### Data listing
· · · ·
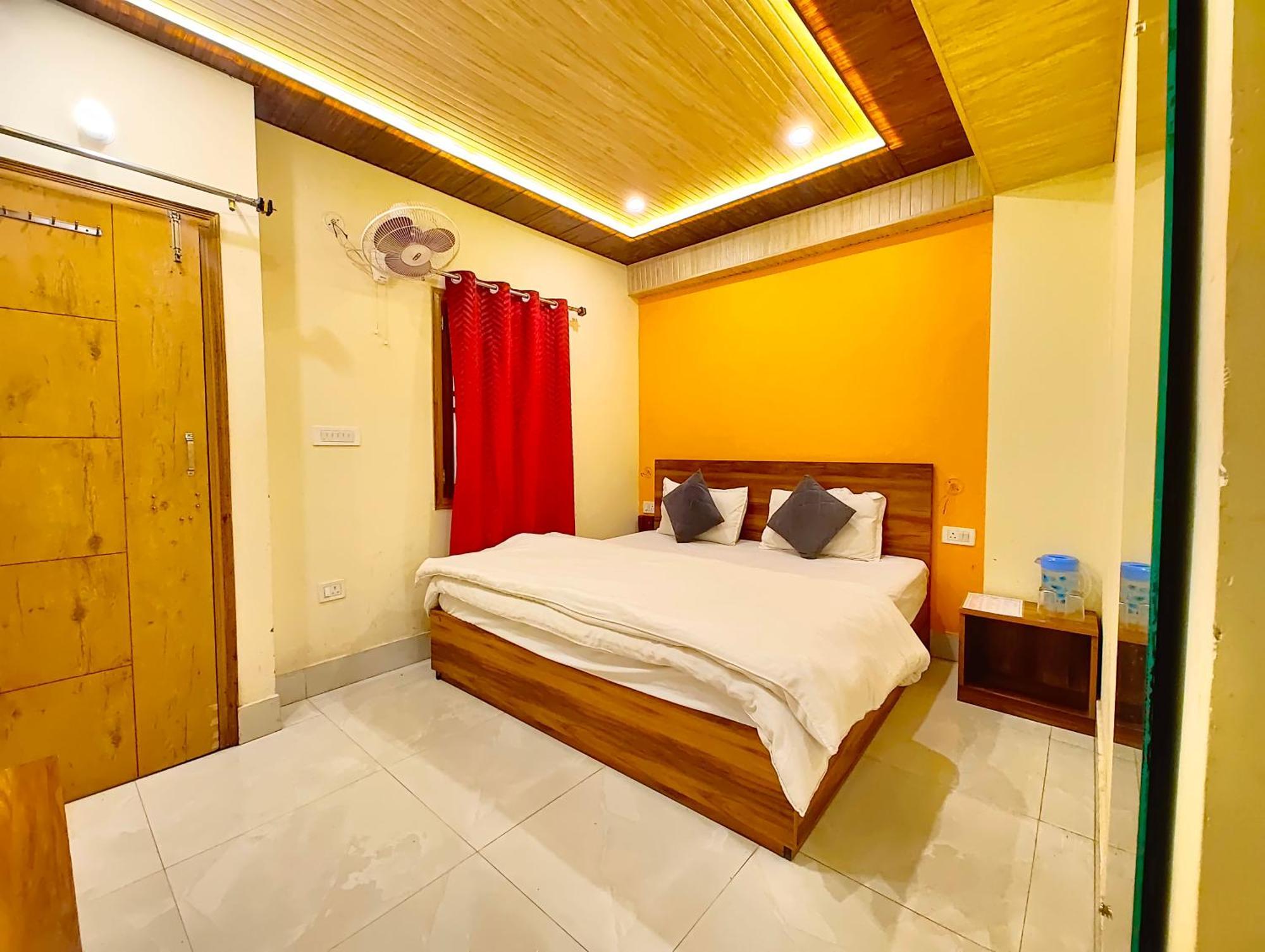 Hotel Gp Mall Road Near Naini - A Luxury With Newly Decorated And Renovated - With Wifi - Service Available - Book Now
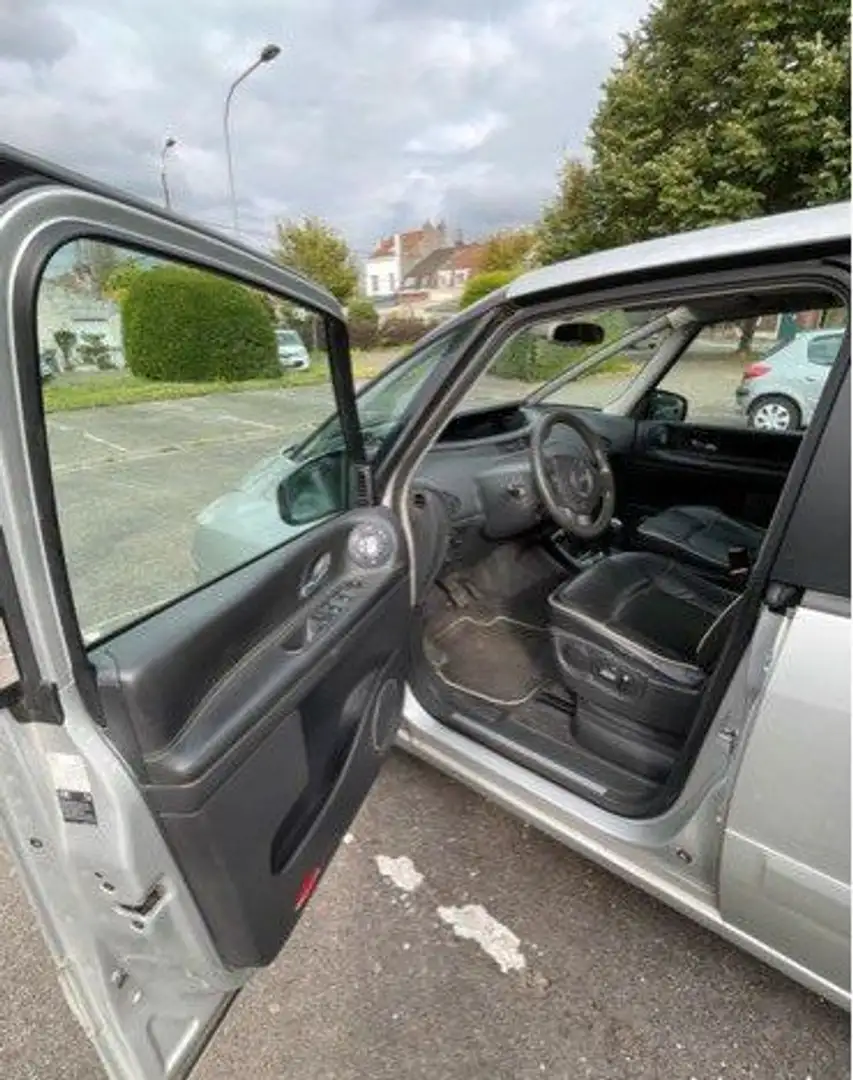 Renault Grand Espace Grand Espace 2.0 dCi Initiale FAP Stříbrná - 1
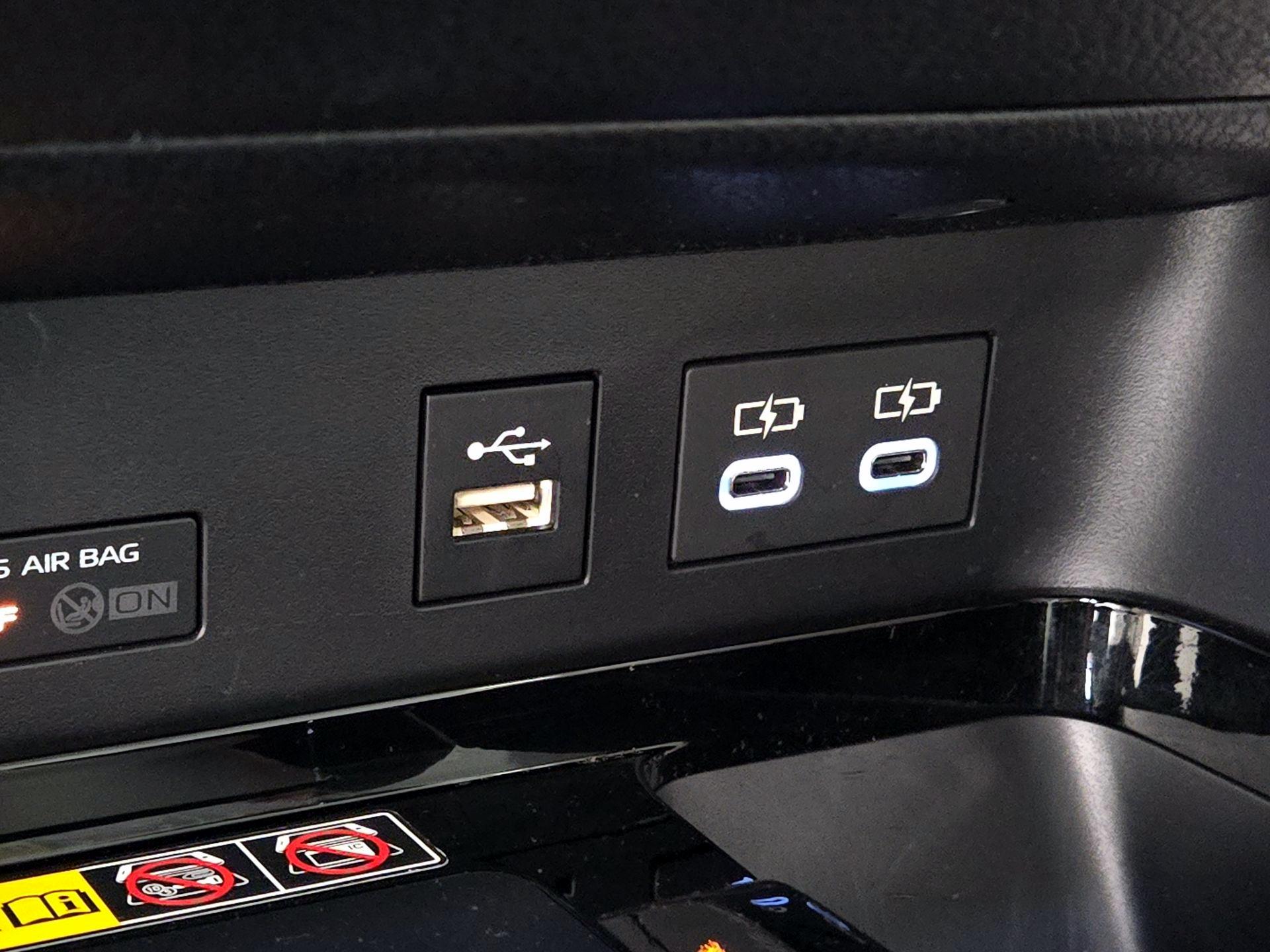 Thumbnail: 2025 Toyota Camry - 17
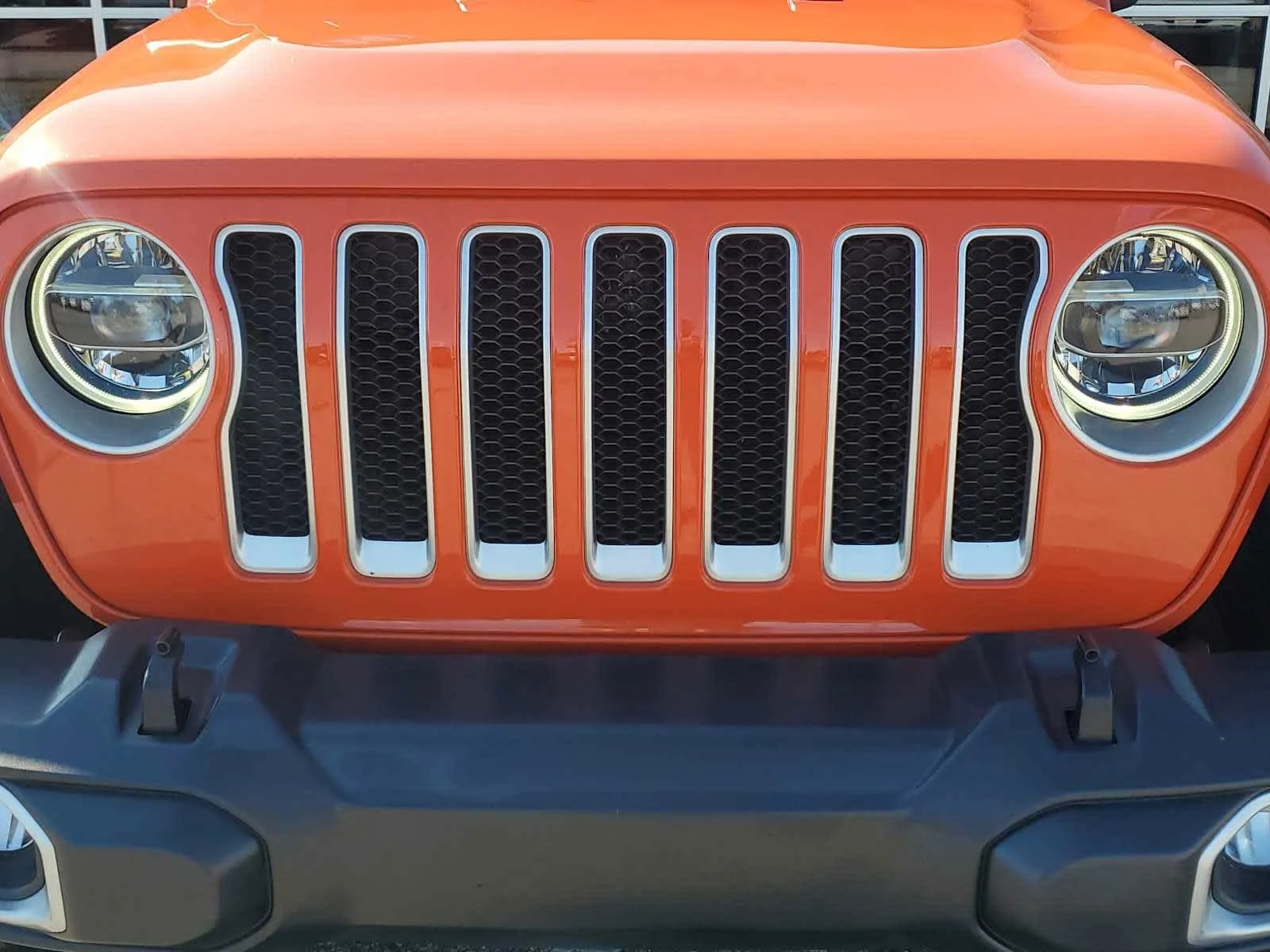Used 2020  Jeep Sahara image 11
· · · ·
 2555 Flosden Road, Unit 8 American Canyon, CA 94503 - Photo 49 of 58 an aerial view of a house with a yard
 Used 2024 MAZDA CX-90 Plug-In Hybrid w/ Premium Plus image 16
· · · ·
### Task item
Only one stretch of the listing above is to be duplicated: the lines from the one containing "Hotel Gp Mall" through the one containing "Sahara image 11", both included. Copy them exactly, minus the pictures.

### Answer area
 Hotel Gp Mall Road Near Naini - A Luxury With Newly Decorated And Renovated - With Wifi - Service Available - Book Now
 Renault Grand Espace Grand Espace 2.0 dCi Initiale FAP Stříbrná - 1
 Thumbnail: 2025 Toyota Camry - 17
Used 2020  Jeep Sahara image 11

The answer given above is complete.